Debate over two bills aimed at standardizing the process of obtaining a business license are expected to resume Wednesday in the state House of Representatives and as far as one interested party is concerned both measures have problems.
“They’re both not good for the cities and for locally owned businesses,” said Reba Campbell, deputy executive director of the Municipal Association of South Carolina.
One of the bills, “South Carolina Business License Tax Standardization Act” (H.3650), was introduced earlier this month by Rep. Bill Sandifer, R-Oconee, chairman of the Labor, Commerce, and Industry Committee.

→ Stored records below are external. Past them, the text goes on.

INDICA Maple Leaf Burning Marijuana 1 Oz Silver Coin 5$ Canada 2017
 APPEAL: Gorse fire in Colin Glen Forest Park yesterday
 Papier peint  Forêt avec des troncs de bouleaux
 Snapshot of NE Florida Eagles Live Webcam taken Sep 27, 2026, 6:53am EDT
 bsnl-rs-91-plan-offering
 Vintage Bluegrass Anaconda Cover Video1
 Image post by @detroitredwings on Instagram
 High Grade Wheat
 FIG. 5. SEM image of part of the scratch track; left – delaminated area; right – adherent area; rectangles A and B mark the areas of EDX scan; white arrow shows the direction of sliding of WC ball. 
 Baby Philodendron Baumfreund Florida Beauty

The bill would create a uniform process of obtaining business licenses across South Carolina and make the Secretary of State responsible for collecting business license fees through a central filing location online.
The second measure, (H.3651), would prohibit the state municipal association or any other political group from collecting business license taxes and insurance taxes.
The South Carolina Chamber of Commerce has called on the Legislature to standardized business licensing process to make it easier for a business to operate in different cities, towns and counties without having to obtain a license from each entity.
Ted Pitts, president and CEO of the chamber, also supports a bill that would establish one expiration date for a business license and the ability for a firm to file online through the Secretary of State.
One of the association’s objections to the business license standardization bill, (H.3650), is that it exempts 25% of a business' income collected outside of the municipality where the business maintains its principal place of business, Campbell said.
One example she offered was a national retailer like Wal-Mart, which has its headquarters in Bentonville, Ark., paying a business license tax on only 75% percent of its income when the local mom-and-pop retailer pays a license fee based on 100% of its income.
Giving the Secretary of State the job of issuing business licenses and collecting fees violates the state Constitution, which gives the cities authority to work together to perform government functions, such has having the municipal association collect and disburse business license taxes to members.
Additionally, a standard fee and due date would be problematic, Campbell added. She noted that for some municipalities, business fees might account for 25% of the local budget. Other cities, that have a variety of revenues sources, might want to charge lower fees, she added.
For example, if the legislature passes the law the city of Columbia could lose $8.3 million a year. If the city wants to make up for the loss, it would have to boost the fee for a business license by 53%, The State newspaper reported.
“It all goes back to local control,” Campbell said.